Vanessa Clark wrote a fantastic column for Freelancentral, entitled ‘The Silent Treatment (or Zen and The Art of Stress-Free Pitching)‘ – inspired by Peter Bregman‘s similar piece: ‘When Your Voicemails and Emails Go Unanswered, What Should You Do?‘. So I checked out Peter’s piece, with which I agree wholeheartedly. His position?

“Follow up once, after the meeting, and the moment you send that follow up — not a week later but as soon as you hit send or hang up the phone — assume they’re not interested. They’ve said “no.” Close the book. Take the follow up off your to do list. Move on to the next thing. If they do call or email back, it will be a nice surprise and you can discuss how to proceed. If they don’t reach out, you haven’t stalled in your other work, knocked your head into a brick wall, or wasted any energy stressing about it. You can always send other information unrelated to the open issue — articles, updates, referrals — that might be of interest and deepen the relationship.

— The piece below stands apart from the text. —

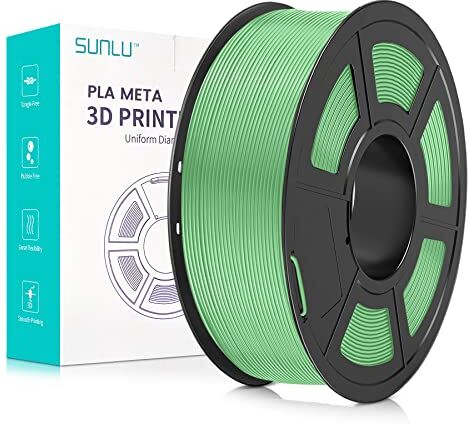 SUNLU Meta PLA Filamento 1.75mm, Neatly Wound PLA Meta Filamento, Durezza, Migliore Liquidità, Stampa Veloce per Stampante 3D, Precisione Dimensionale +/- 0.02 mm, 1KG (2.2lbs), Verde Mela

But don’t follow up on the open issue.”

For many freelancers, this is an entirely new way of doing things. You may find it uncomfortable at first; even painful. But trust me – there’s a lot of power in making the move, confirming receipt once and once only and then taking that big step back, so that you can focus totally on what you’re currently busy with.

Join the discussion One Comment

  • Hi Tiffany

    Glad you liked the column. It’s been interesting seeing different opinions from freelancers on the topic on the Freelancentral Facebook page. (I’m going to point them to this post right now 🙂

    Your final comment really strikes home for me though – yes, this is a deeply uncomfortable thing to do and for that reason alone is worth the “experiment”. This reminded me that when you get out of your comfort zone, you open the door for all sorts of exciting things to unfold. And worst case scenario … you can always go back to the old way of doing things.